La Nouba des femmes du mont Chenoua
d’Assia Djebbar
avec Sawan Noweir
Algérie / 1977 couleur 1h55 (16 mm)
Ce film entremêle de façon originale le parcours individuel de Leïla, jeune architecte revenue dans la maison de son enfance, les souvenirs de six vieilles femmes, et les histoires ancestrales de la région.
La protagoniste, Lila est une femme algérienne qui revient également sur son passé puisqu'il s'agit pour elle de chercher à retrouver son frère disparu pendant la guerre de libération. La caméra la suit alors qu'elle circule de village en village à la rencontre de femmes, jeunes ou vieilles, qui lui font profiter de leur expérience de la guerre. A la fin du film, Lila, dont le passé est troublé par les horreurs de la guerre et dont le présent semble voilé par un mariage lui apportant peu de satisfaction, retrouve son équilibre dans l'apaisement de la mémoire recouvrée et de l'identité collective réapprise.

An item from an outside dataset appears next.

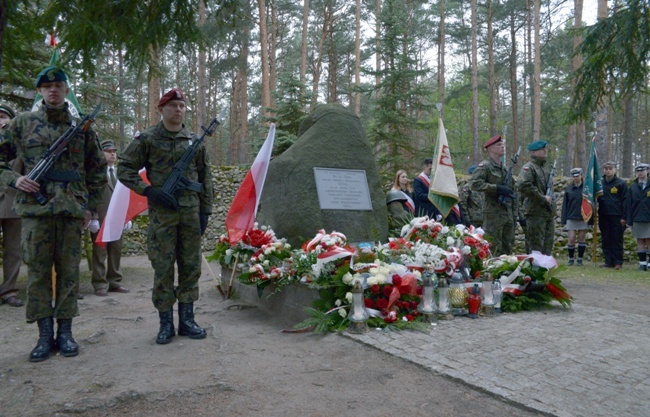 Szaniec "Hubala”"w lesie pod Anielinem, miejscu gdzie zginął mjr Henryk Dobrzański. W tym roku nie odbyły się uroczystości.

Si la majorité des plans sont tournés à l'extérieur, la caméra, notamment au début du film suit la protagoniste à l'intérieur de la maison où l'attend son mari immobilisé à la suite d'une chute de cheval. A plusieurs reprises la caméra le montre ainsi cloué dans sa chaise roulante, condamné à rester enfermé entre les quatre murs de la maison familiale. Les premières prises de vue le concernant se font de l'intérieur de la maison, plus tard la caméra occupe l'espace extérieur et laisse apercevoir l'infirme en train de regarder par la fenêtre au travers de barreaux. Son mutisme associé à son confinement est révélateur de la démarche de la cinéaste qui va s'attacher à renverser les rôles scopiques. L'homme est en effet condamné à voir la réalité à partir de l'espace intérieur tandis que la femme reprend peu à peu possession par le regard l'espace extérieur.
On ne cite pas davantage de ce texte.